If you’ve made it this far, you might be thinking our second Camino was a disappointment. Quite the contrary. We feasted on panoramic coastal views, engaged with wonderful pilgrims both vaccinated and not, successfully marketed my book It’s Your Camino on the Way of Saint James and in Madrid, celebrated our 40th wedding anniversary and reunited with Aurora’s four sisters (Caroll, Susan, Nancy and Girlie) and two of their husbands (Jean Luc and Mike) in Santiago, all the while rising to the Camino challenge each day.

So now that we’re back from our Pilgrimage, what’s next? The answer: PLENTY! That’s right–the FBI Review Unit is finally getting around to finish their vetting of my second book, a law enforcement memoir called FEDS: From Silence of the Lambs to the Castro Brothers. We’re now going back and forth trying to answer their queries and hoping the book will not come back too heavily redacted. Once that’s done, I can work closely with my editor hoping to obtain a Foreword and Cover Quotes from people like international journalist and author Sebastian Rotella and former Congressmen Newt Gingrich and Trey Gowdy.

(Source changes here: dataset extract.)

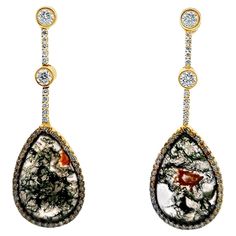 These brand-new Moss Agate Gemstone Diamond Drop Earrings in 18 karat white gold showcase the natural beauty of moss agate, with its unique earthy patterns, elegantly framed by sparkling diamonds. The earrings feature 2.21 carats of round brilliant-cut diamonds, adding a touch of luxury and brilliance. The diamonds are graded G-H color and VS clarity. Measuring 2.25 inches in length, these earrings offer a refined yet organic aesthetic, blending natural gemstones with the elegance of diamonds for a sophisticated, eye-catching accessory. Perfect for those who appreciate distinctive and luxurious designs. Weight: 15 grams. Earthy Patterns, Gold Diamond Drop Earrings, Earring Video, White Gold Drop Earrings, Yellow Gold Drop Earrings, Gray Gemstones, Diamond Chandelier, Organic Aesthetic, Yellow Quartz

In the meantime, I’m on to a third book Land Of Sand, another memoir, this one of my five years in the Kingdom of Saudi Arabia. It’s coming along just fine which means I’m consistently allotting the time and effort to research and write about my experience as an English teacher at a school for the Royal Family. Kind of like The King and I except mine could be named The Princes and I. As one chapter follows the next, I am astounded to recall I worked and lived in the precariously unstable Middle East living through the Siege of Mecca, the taking of the US Embassy hostages in Teheran and the torching of the US Embassy in Islamabad, Pakistan, all of these events taking place during my first two months in Saudi Arabia.

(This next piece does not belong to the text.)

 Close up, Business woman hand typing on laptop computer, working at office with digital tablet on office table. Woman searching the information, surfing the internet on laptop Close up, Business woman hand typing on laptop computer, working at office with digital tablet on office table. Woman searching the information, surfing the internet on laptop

Waiting patiently for my PI practice in LA was a titillating fraud case which is gathering momentum. Finally, I am heading to Ireland next month in “one last roll of the dice” to discover what happened to my 27 year old Long Island neighbor, Annie McCarrick, who vanished without a trace in Dublin in February 1993. I pray that one day I will be able to tell her mother, Nancy, “We found her.”

As if there wasn’t enough on my plate, my social media guy has posited the idea of writing another book on the Camino. It’s all one big balancing act. However, I wouldn’t have it any other way.